**Dataset records**
- - -

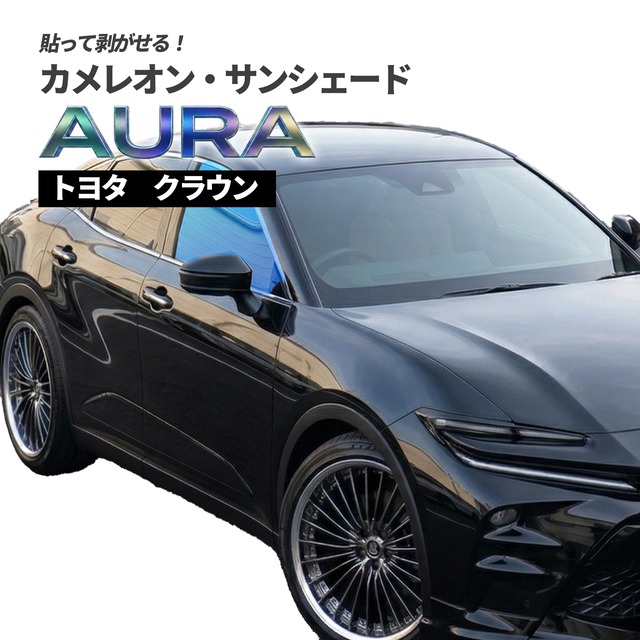 カメレオン・サンシェード サファイヤオーラ フロントサイドセット トヨタ クラウン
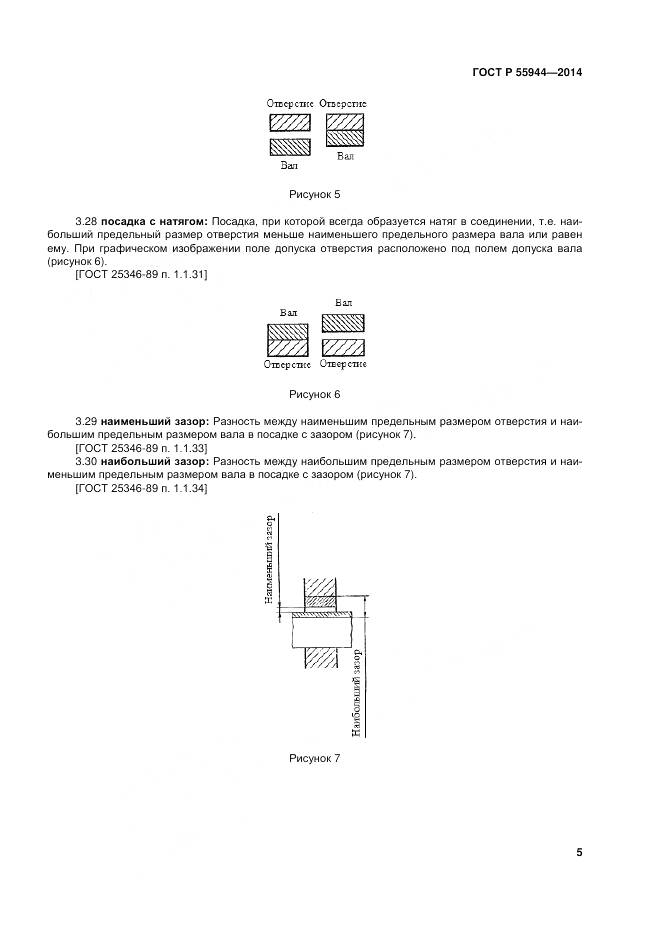 ГОСТ Р 55944-2014, страница 9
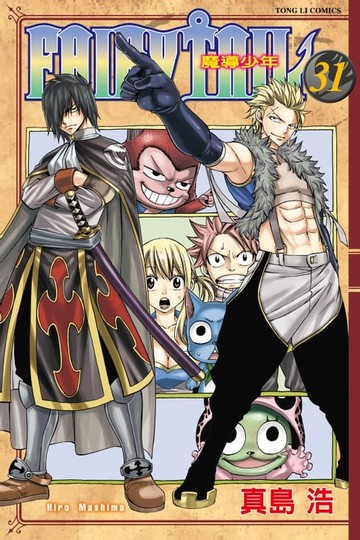【電子書】FAIRY TAIL 魔導少年 (31)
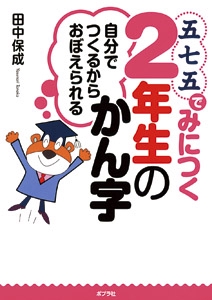 五七五でみにつく2年生のかん字 自分でつくるからおぼえられる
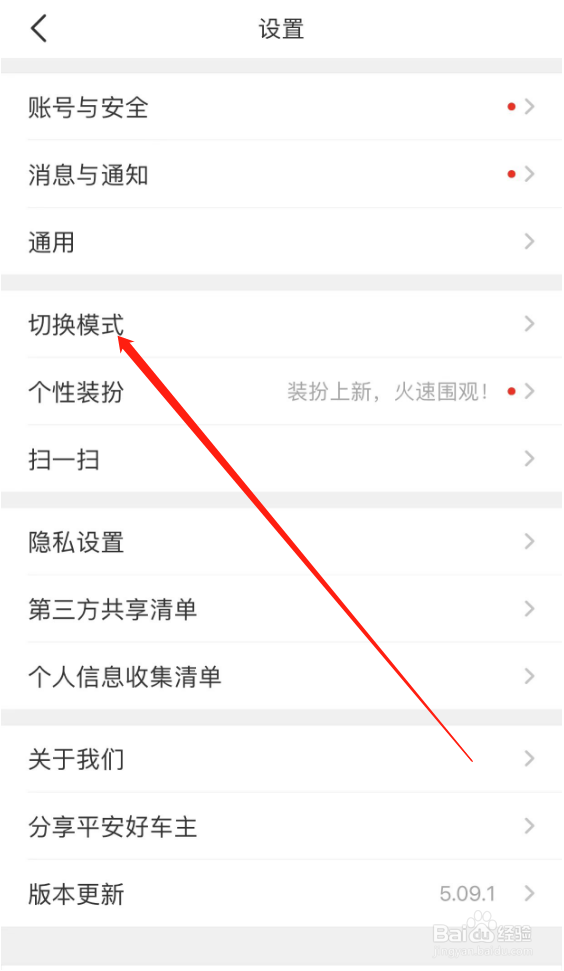 平安好车主怎么设置为关怀模式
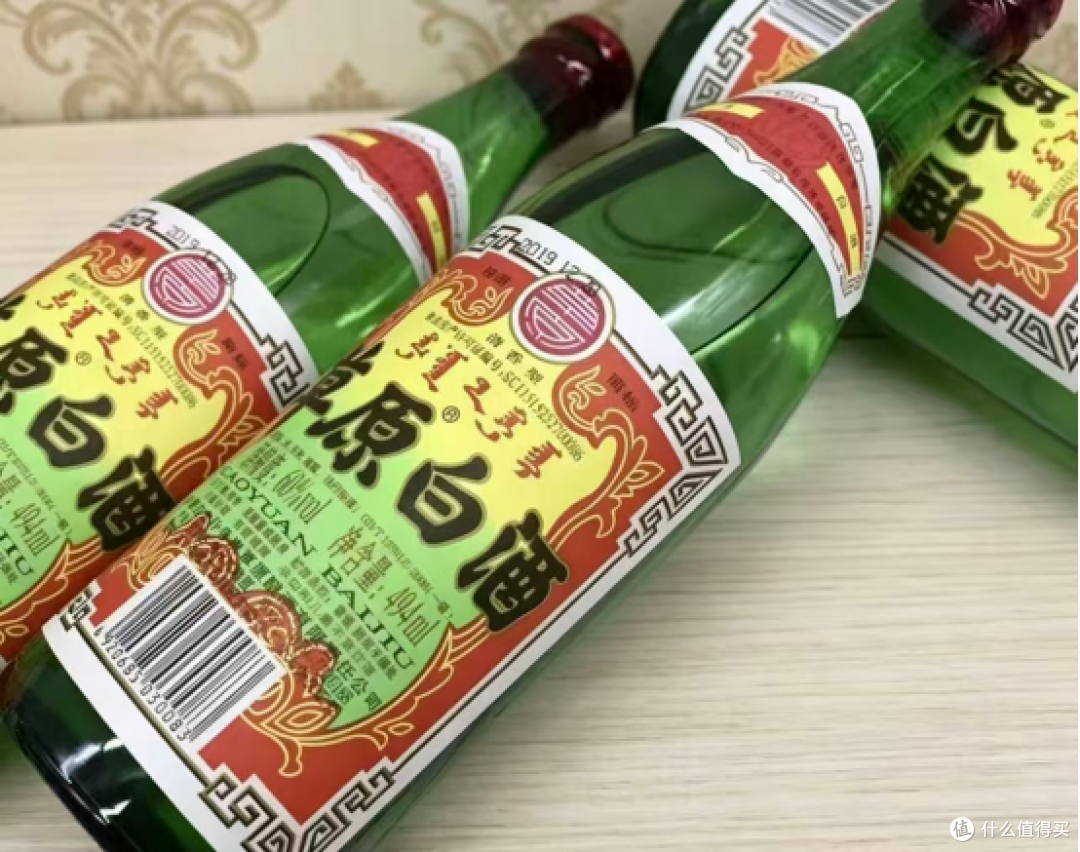 平价口粮白酒怎么选？盘点6 款不超过40元的爷爷辈老白酒，很实在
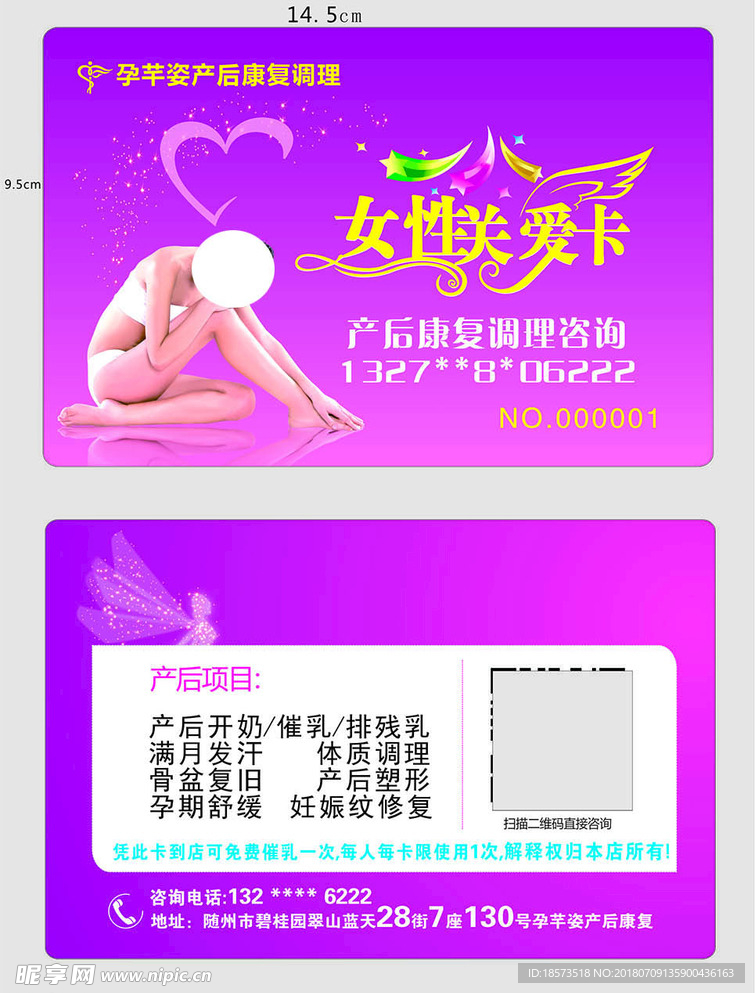 孕后康复卡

- - -

**To do**
Leave out all pictures and extract exactly the lines from the line with "五七五でみにつく2年生のかん字 自分でつくるからおぼえられる" through the end of the material.

**Your response**
 五七五でみにつく2年生のかん字 自分でつくるからおぼえられる
 平安好车主怎么设置为关怀模式
 平价口粮白酒怎么选？盘点6 款不超过40元的爷爷辈老白酒，很实在
 孕后康复卡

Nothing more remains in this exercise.